Excerpted records
Segment Open
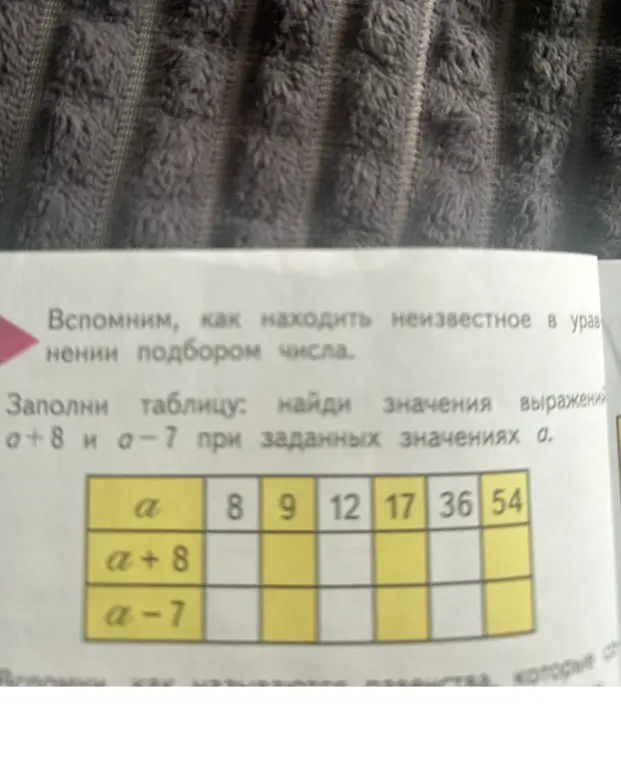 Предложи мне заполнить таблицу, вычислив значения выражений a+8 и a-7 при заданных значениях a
Segment Closed
Segment Open
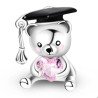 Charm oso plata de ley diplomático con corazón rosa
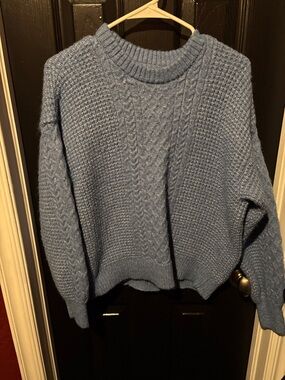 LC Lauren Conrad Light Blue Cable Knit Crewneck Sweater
Segment Closed
Output exactly, and only, the lines of the entries above from the one with "Charm oso plata" up to and including the one with "LC Lauren Conrad"; pictures are to be left out.

 Charm oso plata de ley diplomático con corazón rosa
 LC Lauren Conrad Light Blue Cable Knit Crewneck Sweater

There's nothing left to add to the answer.